## Exercise prompt:
Leaving the pictures aside, repeat each line below exactly.

## Caption-style text data:
--- START ---

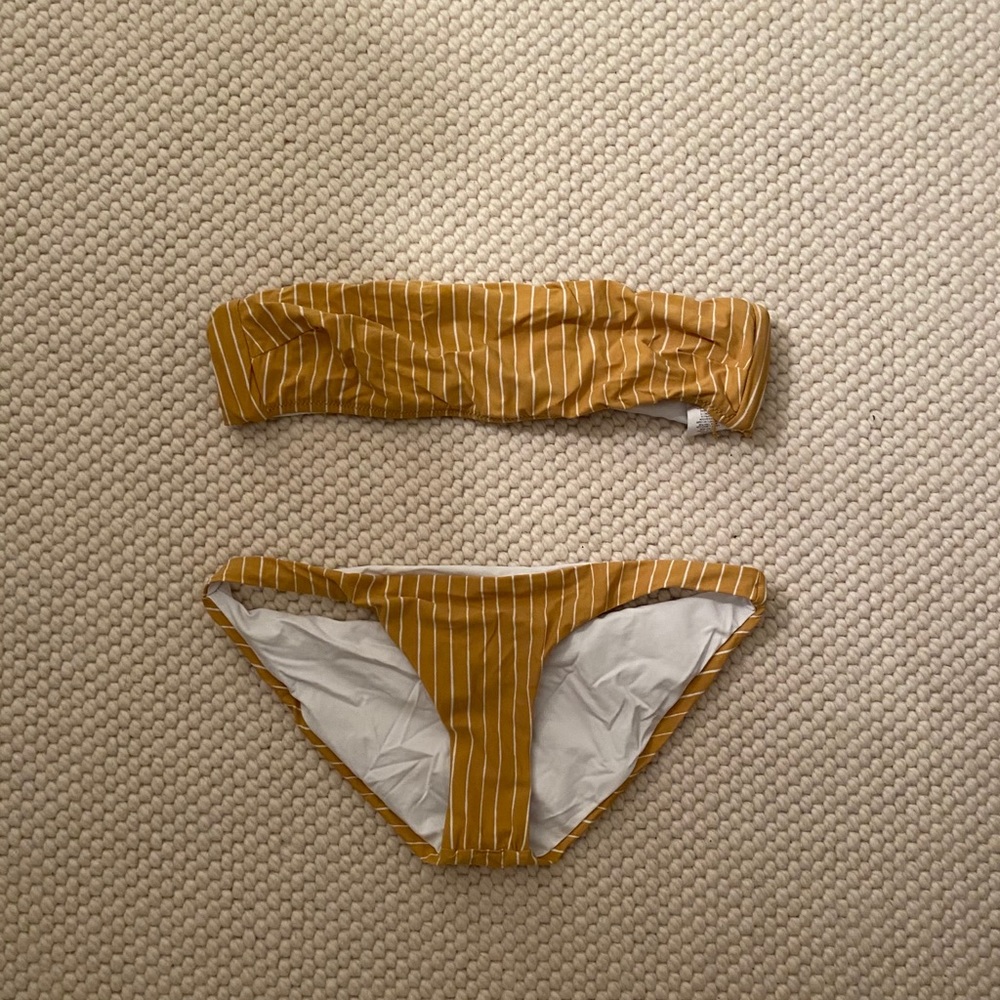 Vitamin A Bikini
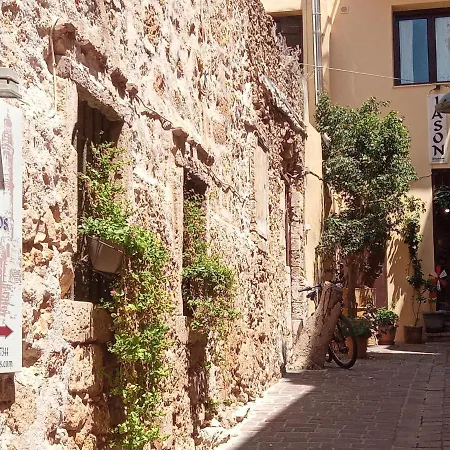 Iason Chania (Crete)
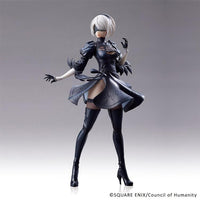 NieR Automata Ver1.1a 2B (YoRHa No.2 Type B) Statuette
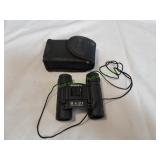 Bushnell 8x21 Binoculars Bushnell 8x21 Binoculars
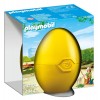 Uovo Allevatore di Playmobil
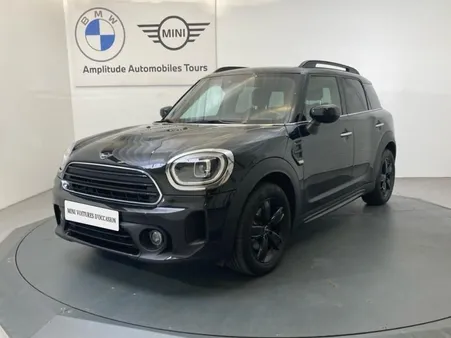 Mini Countryman Cooper 136ch Essential BVA7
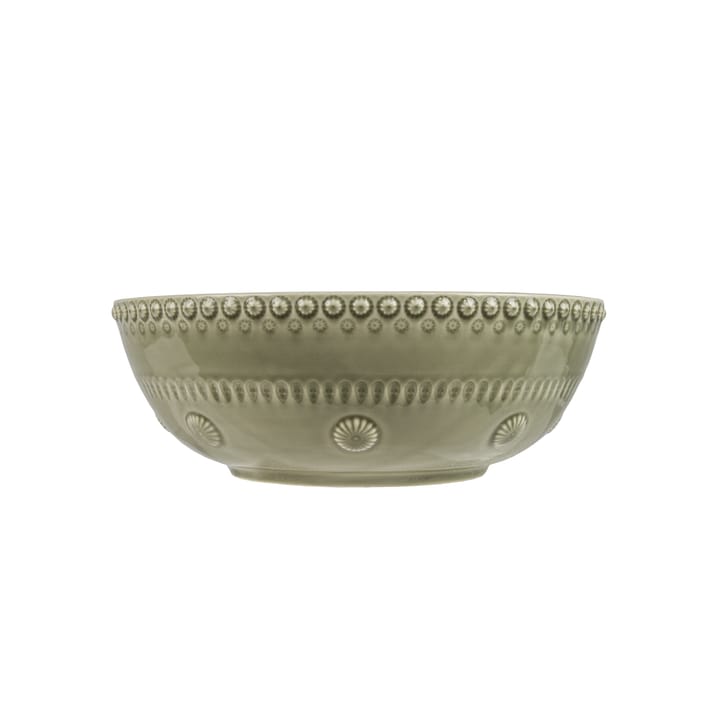 Bol à salade Daisy Ø 30 cm, armée estompé PotteryJo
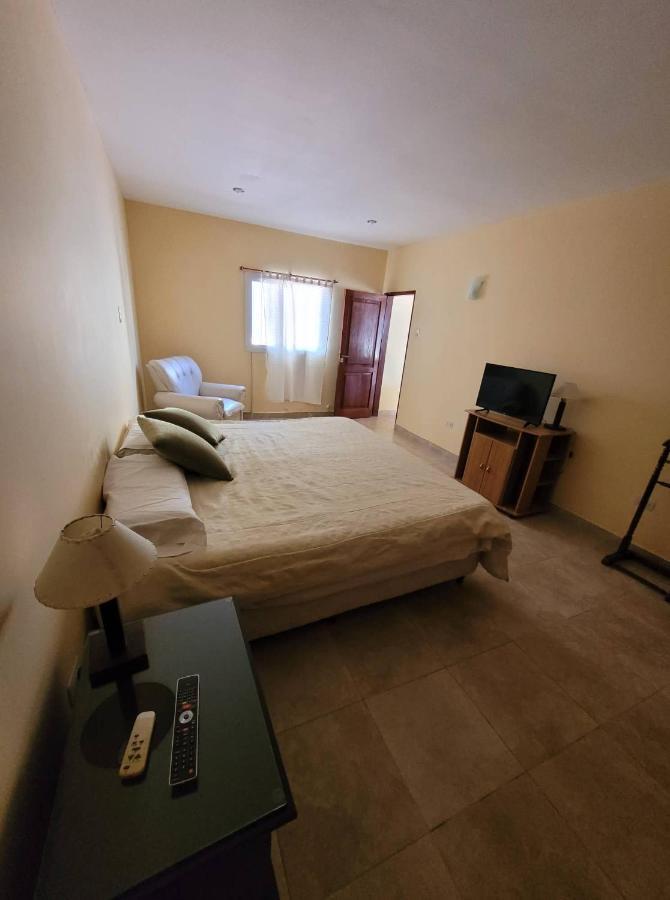Hotel Portico Norte Tartagal Eksteriør billede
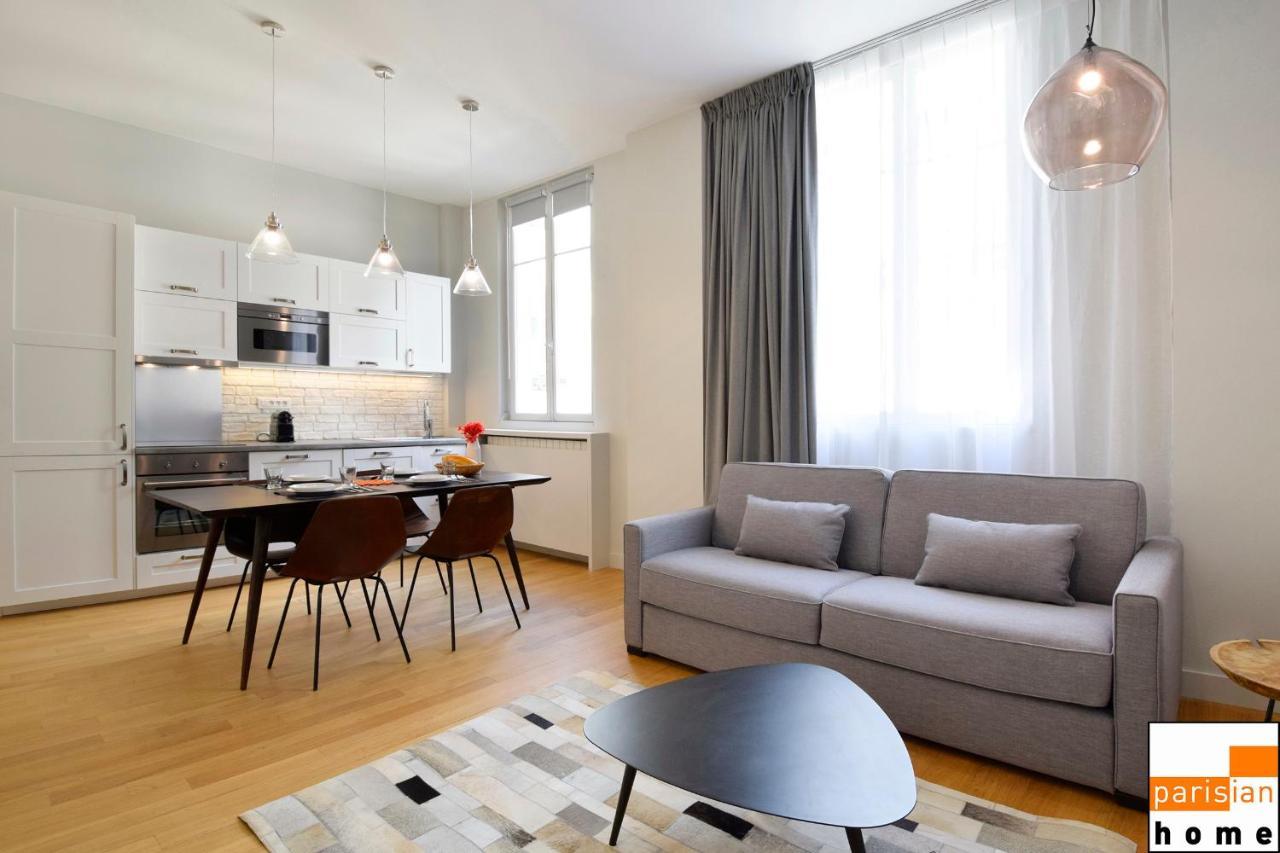 202117 - 6 Personnes A Appartement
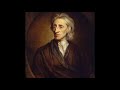 John Locke's Political Philosophy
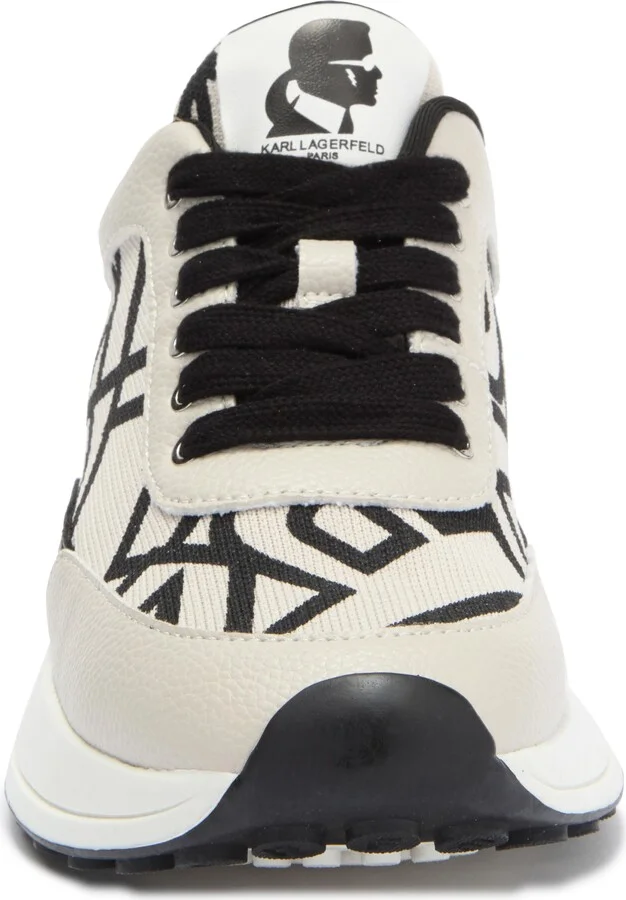 Dallas Lace-Up Sneaker - Image 9
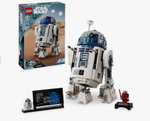 LEGO 75379 Star Wars: R2-D2 aplicar cupón 8 euros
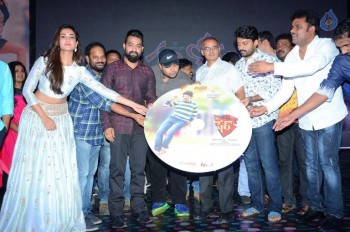 Sher Audio Launch 2 - 21 of 57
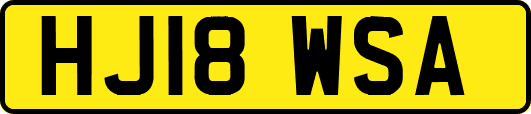 HJ18WSA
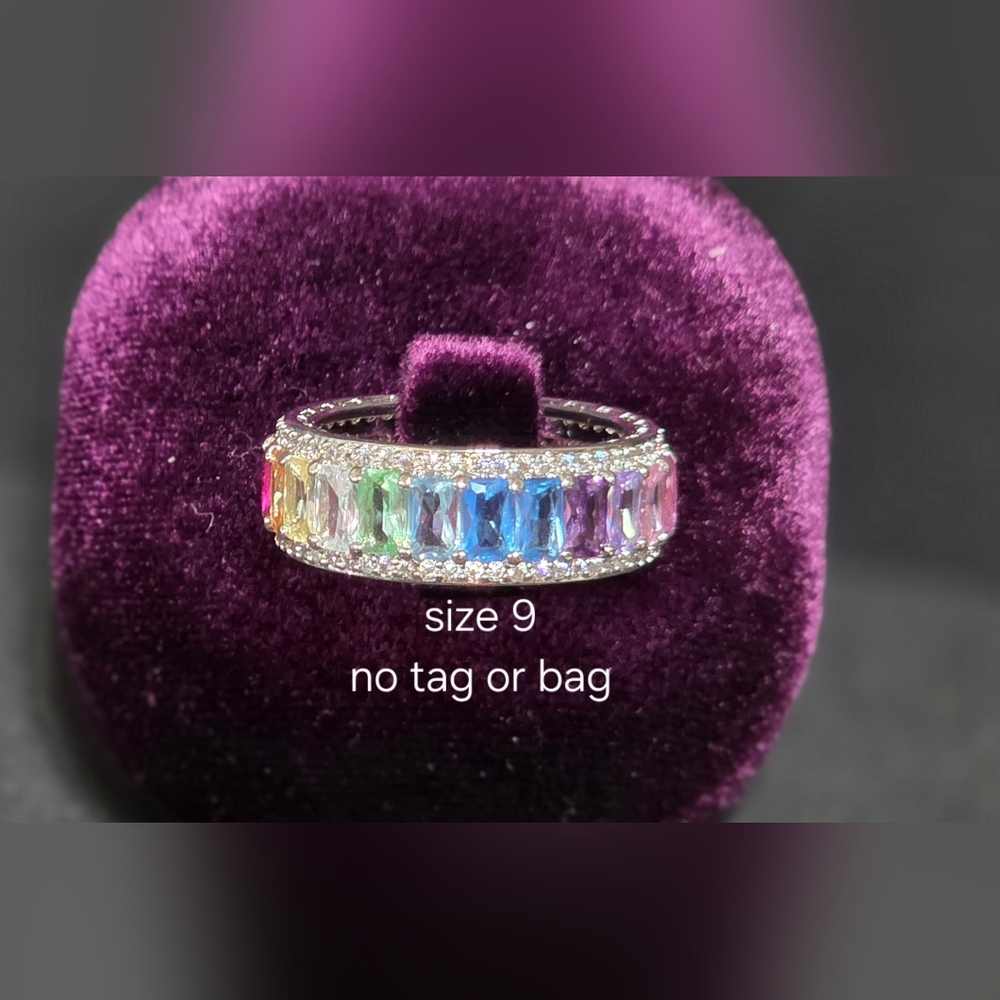 BP Collection For A Cause Ring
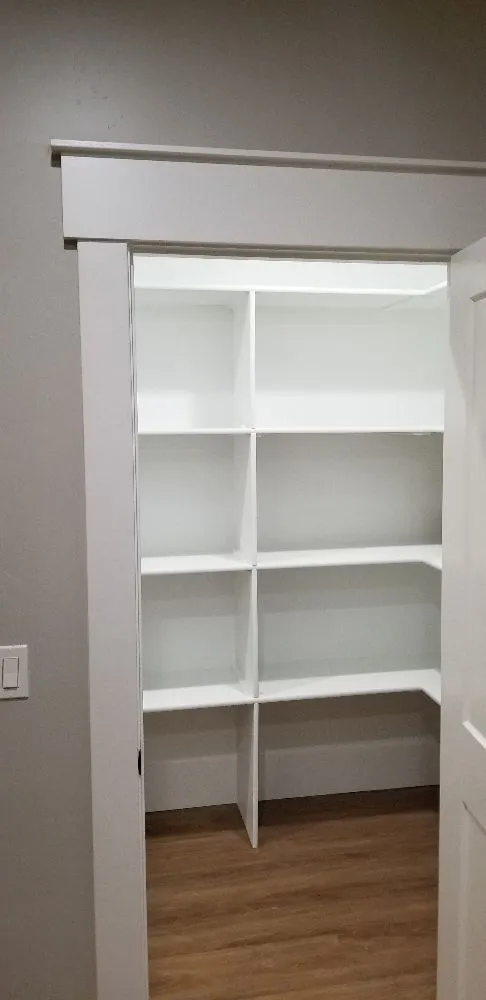 Slide of Silver Side Construction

--- END ---

## Problem solution:
 Vitamin A Bikini
 Iason Chania (Crete)
 NieR Automata Ver1.1a 2B (YoRHa No.2 Type B) Statuette
 Bushnell 8x21 Binoculars Bushnell 8x21 Binoculars
 Uovo Allevatore di Playmobil
 Mini Countryman Cooper 136ch Essential BVA7
 Bol à salade Daisy Ø 30 cm, armée estompé PotteryJo
Hotel Portico Norte Tartagal Eksteriør billede
 202117 - 6 Personnes A Appartement
 John Locke's Political Philosophy
 Dallas Lace-Up Sneaker - Image 9
 LEGO 75379 Star Wars: R2-D2 aplicar cupón 8 euros
 Sher Audio Launch 2 - 21 of 57
 HJ18WSA
 BP Collection For A Cause Ring
 Slide of Silver Side Construction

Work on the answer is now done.